* Your objective *
Output, word for word, the line that contains "Aku-Chic Newly Furbished" and all lines following it to the end of the listing. Drop the pictures.

* Data below *
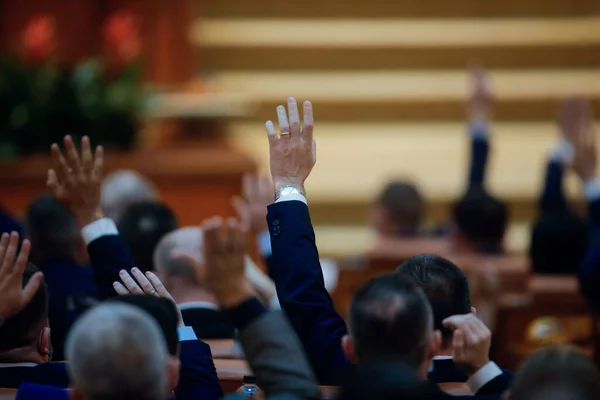 Бухарест Румунія Грудня 2020 Румунські Депутати Голосують Піднімаючи Руки Засіданні — стокове фото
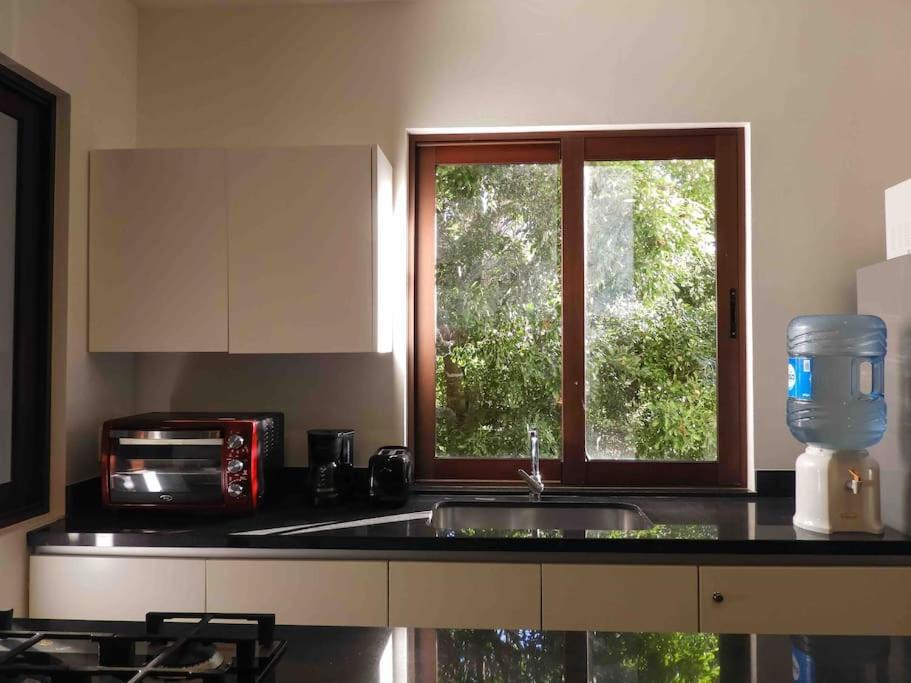 Aku-Chic Newly Furbished Condo Jungle Pool Xetna المظهر الخارجي الصورة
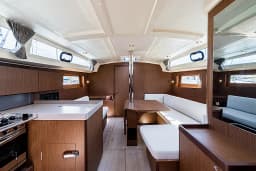 Oceanis 41.1 in Lefkada / Port of Lefkas thumbnail 6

* Solution to the exercise *
 Aku-Chic Newly Furbished Condo Jungle Pool Xetna المظهر الخارجي الصورة
 Oceanis 41.1 in Lefkada / Port of Lefkas thumbnail 6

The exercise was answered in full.